2013-09-02 00:19:21 | 教養・ドキュメンタリー

 昨日から泊りがけで出張。宿泊先で「摩文仁 沖縄戦 それぞれの慰霊」を見ました(NHK、8月31日日放送)。

 沖縄本島南部の摩文仁の丘。いまから68年前の6月23日、沖縄を守る第32軍司令官の牛島中将は、この地で参謀とともに自決、米軍はこの丘に星条旗を立てました。そして沖縄における日本軍の組織的抵抗は終わりを告げることになります。沖縄戦でもっとも多くの犠牲者を出したのが、この摩文仁だと言われています。

 その摩文仁で、さまざまな慰霊が行なわれています。沖縄県民はもちろん、戦友会、各県の遺族会、さらには自衛隊、そして米軍まで。日米両軍の将兵として沖縄で戦死された方、武器も持たず戦闘の巻き添えになった多くの民間人・・・ひととつの命の重さに違いはありませんが、それぞれの慰霊のあり方の違いをあらためて感じさせてくれた番組でした。

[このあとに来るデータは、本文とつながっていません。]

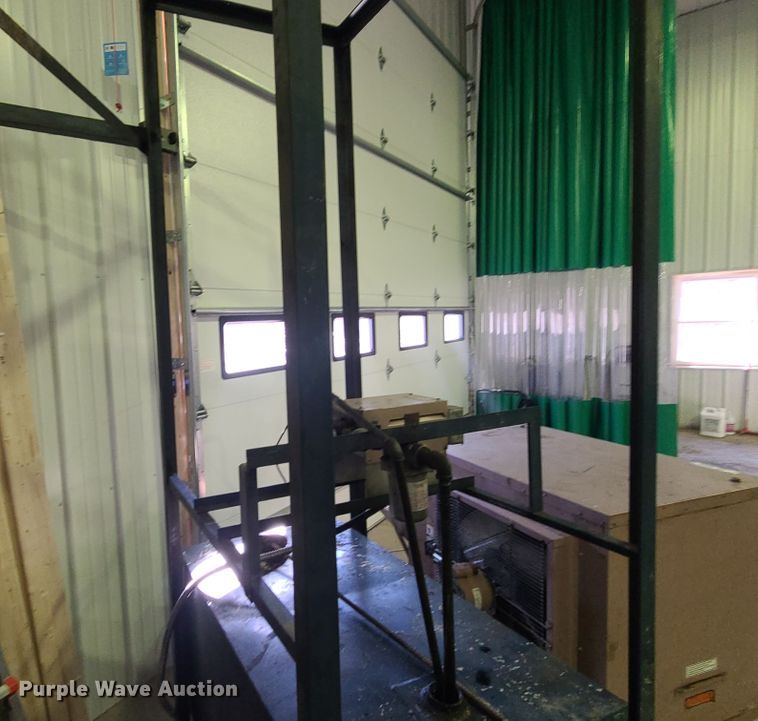 image for item GB9236 Reznor RA-235 waste oil heater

 摩文仁の地に沖縄戦の犠牲者を供養する碑がはじめて建立されたのは1946年のことです。摩文仁で戦争の犠牲者の遺骨を収集し、供養したのがはじまりだといいます。遺骨収集をはじめたのは地元の人たち。「遺骨収集は反米感情をあおる」という米軍の反対をおしきっての遺骨収集でした。その数3万5000体。故人の遺骨が遺族のもとに帰ることがほとんどなかった沖縄にとっては、このとき建立された「魂魄の塔」は、「お墓にも似た場所」だといいます。 

 しかし沖縄の日本本土復帰で摩文仁の慰霊は大きく様変わりをします。旧日本軍の戦友会、各県の遺族会による「慰霊塔」が摩文仁に建てられたといいます。その数、40超。カメラが追う慰霊碑には「大義に殉じた」「英霊」の文字が並びます。いまでは沖縄戦だけではなく、アジア・太平洋全域で「戦死」した方々の慰霊の地となっているそうです。

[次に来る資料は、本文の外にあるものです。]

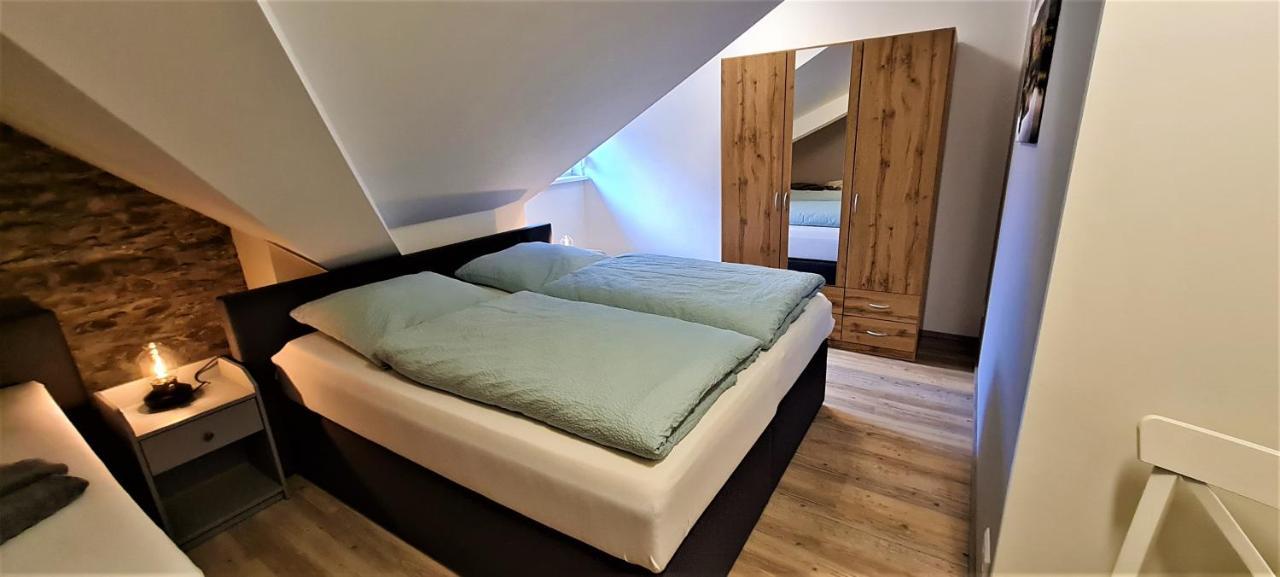 Ferienwohnung Am Fluss Klotten Exteriér fotografie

 私は、あの戦争で戦死された多くの方々は、天皇制政府の犠牲者だと思っていたので、同じく慰霊するべきではないか? と思っていましたが、沖縄では複雑な思いがあるようでした。

 番組では「日本兵がガマに入ってきたためにガマを追い出された」「米軍とたたかっているのは自分たち(日本兵)だ」という証言が流されます。沖縄戦を通じて、「軍は自分たちを守ってくれない」という気持ちが沖縄の人たちの心に刻まれていったようです。

 さて、その軍のトップだった牛島満中将の慰霊塔を参拝する人たちがいます。沖縄に駐屯する自衛隊の幹部たちです。隊員は「個人的に参拝しています」といいますが、頭からつま先まで制服姿。彼らの背中に「私的参拝なら制服はやめてください」という県民の声がかかります。国会議員による靖国神社参拝が、国際問題になる(「内政問題だ」と言った自民党幹部もいますが)一方で、沖縄では制服組による牛島中将の慰霊塔参拝への抗議が行なわれていることをはじめて知りました。

 沖縄に駐留している在日米軍もまた「沖縄慰霊の日」に慰霊を行なっています。元沖縄県知事の大田昌秀さんは、「軍人、民間人、国籍を問わず沖縄で犠牲になった」方々を慰霊する目的で平和の礎の建立をよびかけました。そこには沖縄戦で亡くなった米軍将兵の名前も刻まれています。在沖米軍は、6月23日、この平和の礎にたいして慰霊を行ないます。

 ところが、その一方で在沖米海兵隊が行なっている「教育」に、沖縄県民の慰霊とは正反対の姿を見せつけられました。

 米海兵隊は沖縄に配属された新兵に、沖縄戦の激戦地を見学させる「教育」を行なっているといいます。「過去から学ぶ」ためだそうです。そこで学ぶのは、日本軍の抗戦がいかに激しかったか、多くの犠牲を払いながら米軍が日本軍を圧倒したという「事実」です。

 「沖縄戦から何を学ぶか」・・・日本人の私は、「他国への侵略はもちろん、『友軍』が国民を犠牲にするような戦闘を繰り返してはならない」と考えるのですが、若い海兵隊員たちは違うようです。ある海兵隊員は「過去の戦争から学ぶことはとても大切です」「歴史から教訓を得て同じ失敗を繰り返さないためです」といいます。「経験と知識を受け継いでいくのが海兵隊の伝統なのです」と。彼らが学ぶのは、多くの民間人を犠牲にしたことではなく、海兵隊がいかに犠牲を少なく目的を達成するか・・・にあるようです。

 安倍政権は、その米軍とともに世界的規模で自衛隊が活動できるようにしようと、これまでの政府見解を変えて集団的自衛権の行使を容認しようとしています。沖縄で失われた多くの命が、それを望んでいないのではないか・・・と改めさせて考えさせられる番組でした。